Are You No Longer Safe After Just Two COVID-19 Vaccine Doses?

It may seem as if you were just celebrating the fact that you were fully vaccinated. Your days were starting to look more "normal" as you heard more laughter on the streets, and stepping onto the subway felt less terrifying. But just as you were getting back into the groove of things, you heard about the need for booster shots.

According to NPR, the booster plan will go into effect starting September 20. Those who have received the Moderna and Pfizer vaccines are eligible to get their booster eight months from the day of their second dose. If you received the Johnson & Johnson vaccine, you will likely need a booster as well; however, a booster plan rollout for the vaccine has yet to be announced, as of this writing. But what exactly does the introduction of the booster plan mean? Does this mean you're no longer protected from COVID-19 after your initial doses?

Officials are rolling out the booster shot in preparation for new COVID-19 variants

Surgeon General Vivek Murthy stated at a White House briefing in August that "even highly effective vaccines become less effective over time" (via NPR).

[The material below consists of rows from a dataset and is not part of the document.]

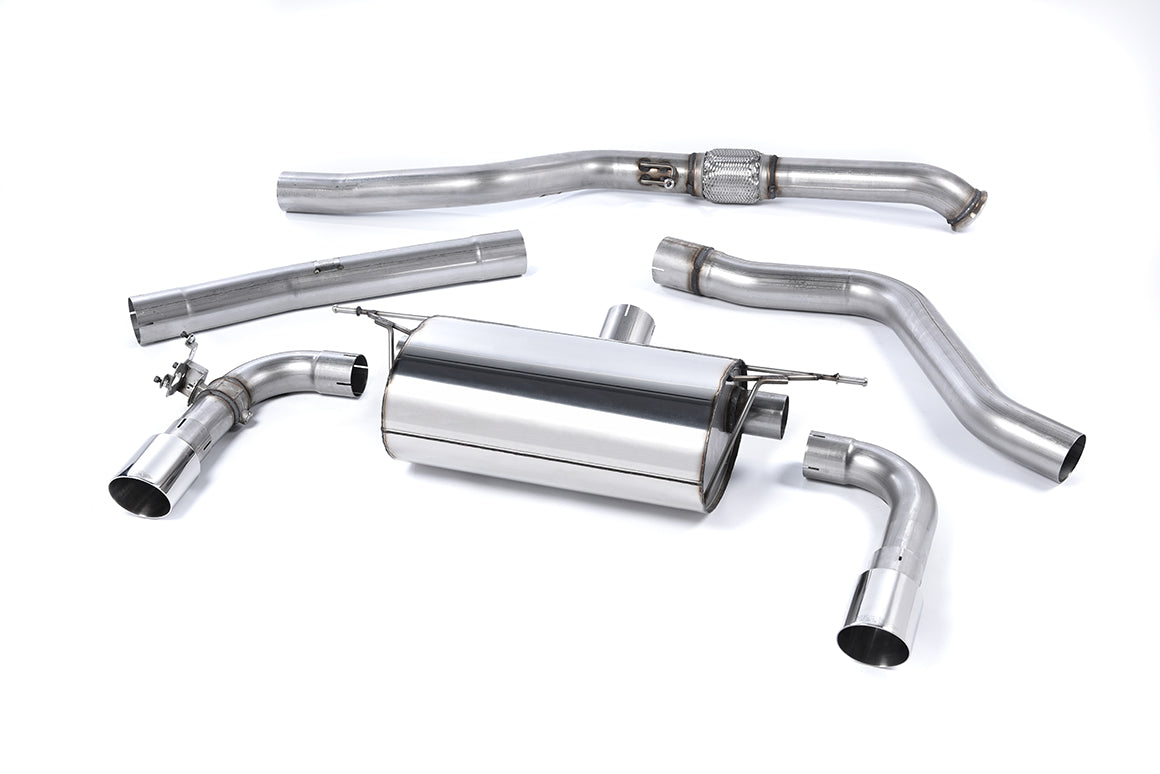 Milltek Sport Auspuffanlage passend für BWM M2 M235i Coupe F22 - polierte Endrohre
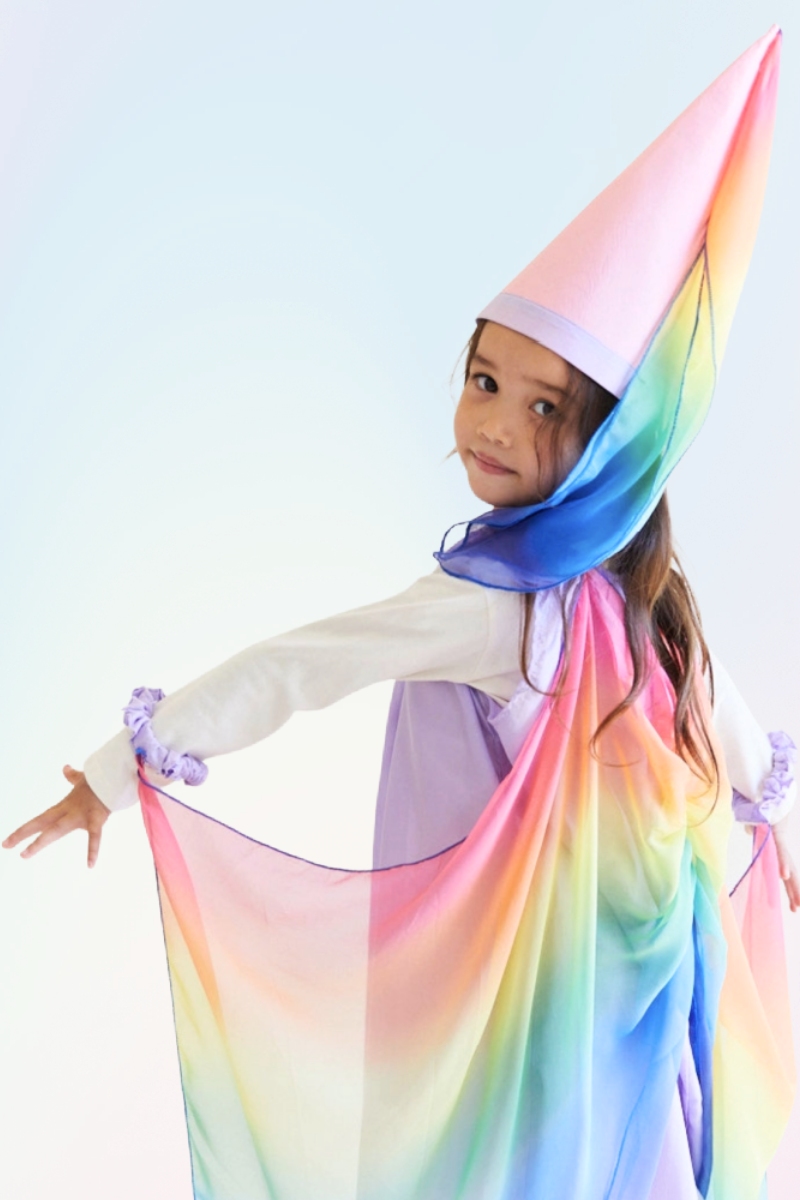 Sarah's Silks Fairy Princess Silk Dress Up Costume at Design Life Kids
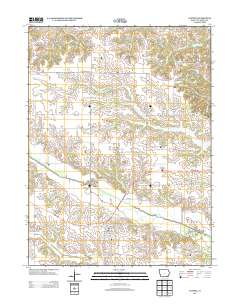 Cantril 2013 topographic map thumbnail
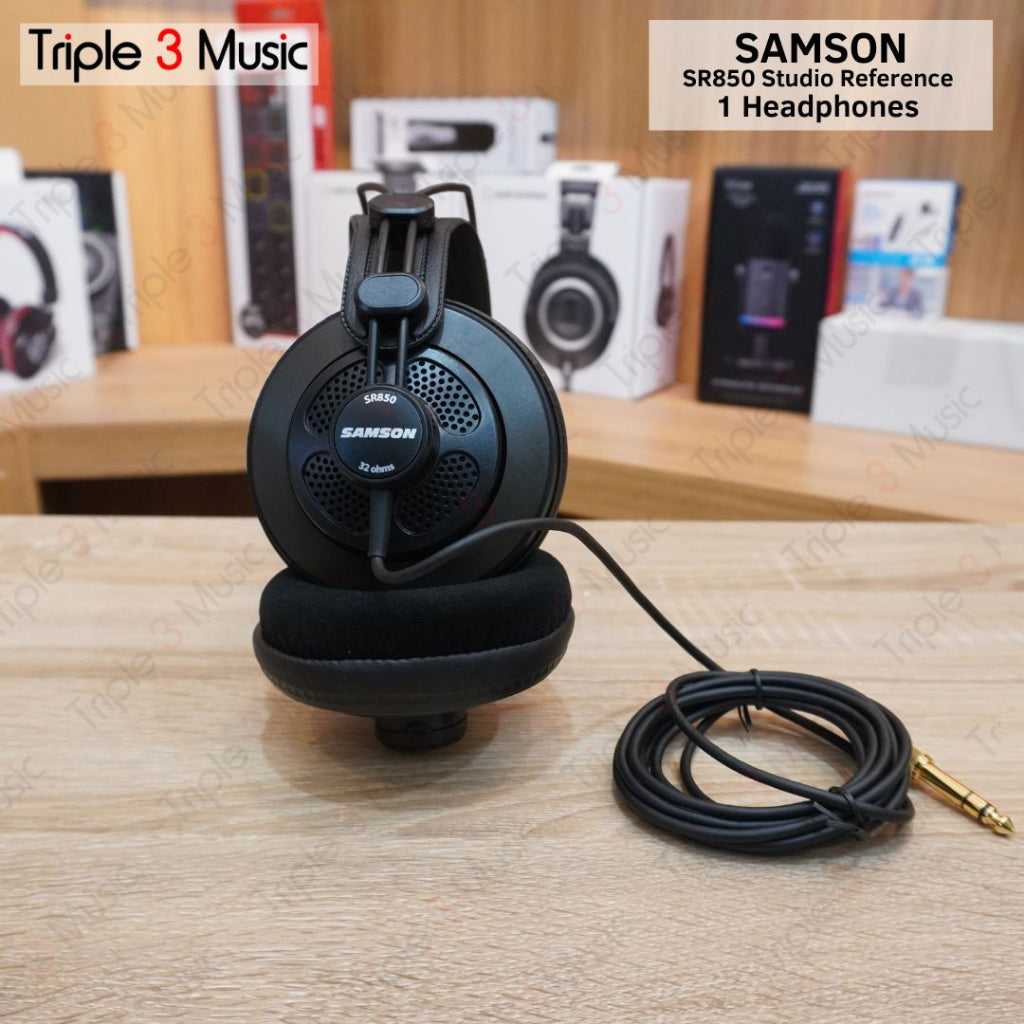 Samson SR850 Semi-Open Studio Headphone 2 Pcs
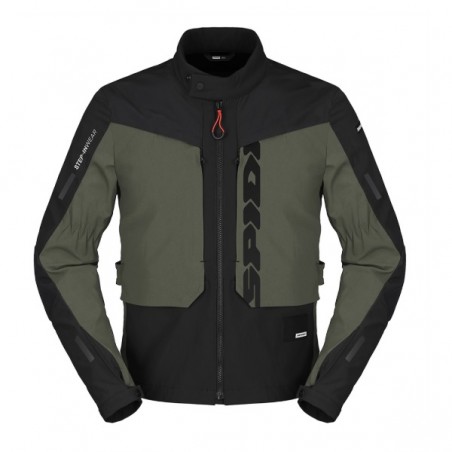 Giacca Jacket Blouson Chaqueta tessuto TERRAN SPIDI Militare UOMO T360-265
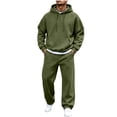thumbnail image 3 of Mens Athletic Outfit Sets Zeliretfy Men's Hoodies Tracksuit Sweatsuit Sweatshirt and Sweatpant for Men 2 Piece Sets, Pullover Shirts and Pants Sportswear Set, 3 of 7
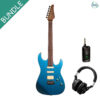 Soloking MS-1 Custom 22HSS [Pelham Blue] with NUX MP-2 and Hibilly Mixman 1987 Headphone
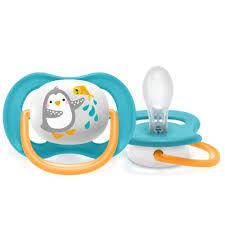 Chupeta avent ultra air individual 6-18 pinguim azul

Other top officials in the health sector are encouraging a booster in preparation for new COVID-19 variants. "In association with the dominance of the Delta variant, we are starting to see evidence of reduced protection against mild and moderate disease," top United States health officials, including the heads of the FDA and CDC, revealed in a statement (via The Atlantic).

Taking measures to prevent the spread of any disease is highly encouraged, but this is especially true regarding COVID-19. As Dr. Anthony Fauci, chief medical advisor to the president, said, "If you wait for something bad to happen, you're considerably behind in your response" (via NPR). This is why boosters are rolling out quickly.